Antiga edição do segundo romance clariceano |
O Lustre é o segundo romance de Clarice
Lispector. Assim como Perto do coração selvagem, seu romance de estreia, O
lustre também consiste na sondagem psicológica de uma personagem feminina.
Acompanhamos o denso e introspectivo universo de Virgínia, personagem esta, que
nos remete à gênese de Macabéa, no que
tange a inadequação à vida em sociedade, entretanto em doses muito diferentes,
a grandeza interior da primeira, até porque aqui Clarice dispõe do “contorno
largo do romance” torna Virgínia uma personagem mais fascinante que a inocente
Macabéa.
Narrado em terceira pessoa, O Lustre simula uma
linearidade, mero exercício narrativo, uma vez que é pretendido demarcar uma
trajetória já fadada ao caótico fim. As primeiras páginas desse romance
reportam a infância de Virgínia, cujo elo mais próximo é o de seu irmão Daniel,
a quem ela destina uma cega obediência. Daniel, trata Virgínia como sua serva
por considerá-la tola e medíocre, esta vê em Daniel um ser corajoso e “difícil
de se amar”, como observou Benedito Nunes, e os outros familiares, o pai ,a mãe
e a irmã Esmeralda não são para ela vistos com atitudes admiráveis. O pai, um
senhor autoritário; a mãe, de uma submissão ao marido e ao lar, como era a
condição feminina da primeira metade do século XX, e Esmeralda a repetir a sina
da mãe. Todavia, Virgínia segue com suas errãncias, sob o comando de Daniel,
como o episódio em que contou ao pai dos encontros de Esmeralda com um rapaz no
jardim. Um abalo à harmonia da família, e demonstrando que era “sabida”, fingiu
um desmaio fugindo assim da ira de Esmeralda e da mãe.

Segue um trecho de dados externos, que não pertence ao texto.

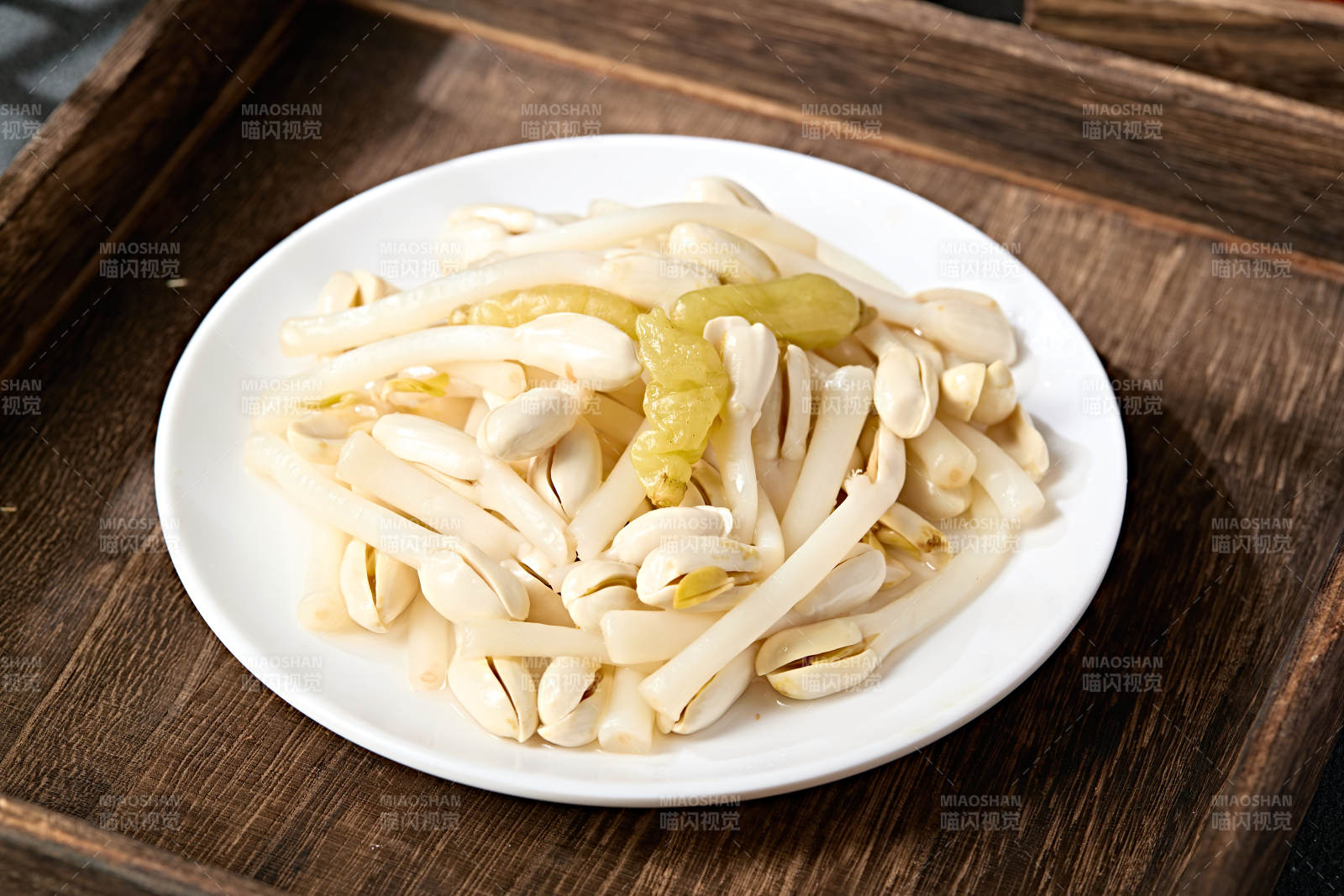 腌渍泡椒花生芽图片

As ricas passagens das infância de Virgínia e Daniel,
carregadas de impressões que o locus, Brejo Alto, provoca na personagem
feminina expõem toda uma atmosfera sombria, até porque lançando mão de um
trocadilho, Daniel institui uma Sociedade das Sombras, entidade esta, que dita
as regras a serem cumpridas por ele e Virgínia, e em nome dessa entidade ele,
ordena a Virgínia que fique por horas no porão para aprender a pensar. No
entanto Virgínia, apenas restringe-se a olhar (meditar) sobre os objetos
empoeirados do porão e agradecendo por Daniel não ter ordenado que vá pensar na
floresta à noite.
Passado a fase infantil, Virgínia e Daniel rumam
à cidade, todavia seguem destinos diferentes, ele casa, ela segue errando sem
conseguir manter vínculos efetivos com outras pessoas. Começa uma amizade com um
porteiro, no entanto este, é casado e em suas visitas à Virgínia, tenta doutrina-la
por meio de uma difícil leitura da Bíblia. Nesse mesmo episódio, a narradora
denota uma das errâncias de Virgínia, pelo simples ato de que, esta ao preparar
um jantar para ela e o porteiro esquecera de comprar guardanapos. Embora, o que
configura o patético na relação entre os dois, é que este não compreende a
inadequação de Virgínia aos modelos pré-estabelecidos, ou seja, para ele, o ato
de Virgínia recebê-lo em sua casa é uma atitude de mulheres de conduta duvidosa.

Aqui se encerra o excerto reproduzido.